I purchased mine from that AJ Coleman store in Chicago that keeps getting mentioned on this site. I got a better price than the low price you mentioned. I was very happy with the service I got from Kirk.


----------



## gear junkie (Jun 20, 2008)

Yuppers. Got the CS6 and absolutely love this monitor. I wouldn't trade this monitor for anything else. The ridgid hq software is fantastic as well. I think the software has the potential to be a bigger selling asset to a company then their phone number if used to the full potential. 

I gotta say however, I use a homemade holder for my CS6 that isn't commercially available. That allows greater stability and up close viewing which are considered it's only drawbacks. That might make my opinion a little biased. 
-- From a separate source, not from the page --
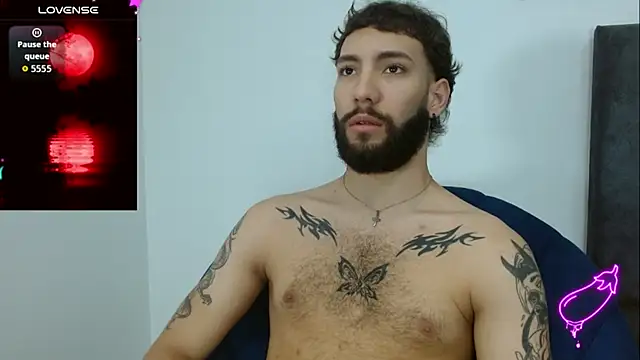 angel kyrozz online show from November 30, 2025, 7:18 pm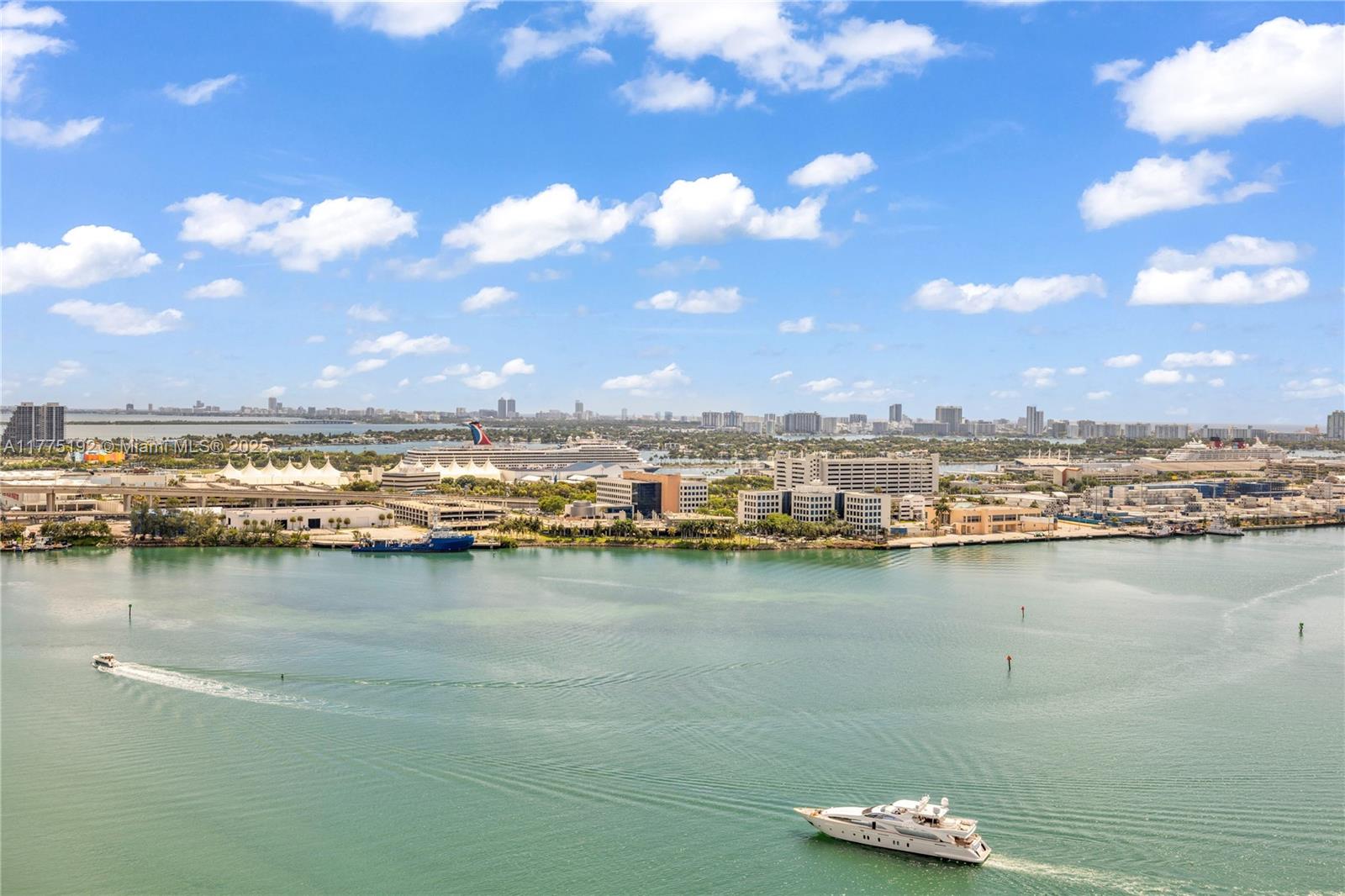 335 S Biscayne Blvd #2706, Miami FL 33131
Kirk at AJ Coleman is the one to talk to about it. Best service and price bar none(trust me...I've looked)

Here's 2 pics from this morning's jetting job so you can see the image quality.


----------



## sierra2000 (Sep 19, 2011)

I just picked one up yesterday after carrying my big monitor around. I used it today and the picture is great, battery lasts and no more stringing out power cords. I see nothing but advantages over the old one so far.


----------



## Cuda (Mar 16, 2009)

I love my CS6, very light and no flaws wish I had bought 2 when they where on sale.


----------



## Shoot'N'Plumber (Apr 27, 2013)

Cuda said:


> I love my CS6, very light and no flaws wish I had bought 2 when they where on sale.


Yea I bought mine during the spring fling from AJ Coleman when they included the free batteries and charger. I literally saved $680.00 :thumbsup: even though I don't have the camera I figured it would be a solid investment!


----------



## plungerboy (Oct 17, 2013)

gear junkie said:


> I gotta say however, I use a homemade holder for my CS6.
> 
> 
> 
> ...


----------



## gear junkie (Jun 20, 2008)

https://www.ridgidforum.com/forum/m...ocators-handhelds/46290-ram-mount-for-the-cs6


----------



## Unclog1776 (Feb 5, 2013)

Where do you guys buy ridgid cameras from? I've been using Mytana and tired of fixing it


----------



## gear junkie (Jun 20, 2008)

AJ Coleman. (773)728-2400 Ask for Kirk and tell him Ben sent you.


----------



## Unclog1776 (Feb 5, 2013)

Do they work with a financing company? I'd rather not give him my debit card for a 10k purchase?


----------



## gear junkie (Jun 20, 2008)

Not sure, you have to ask them. I buy a ton from them and (knock on wood) I've never had any issues. 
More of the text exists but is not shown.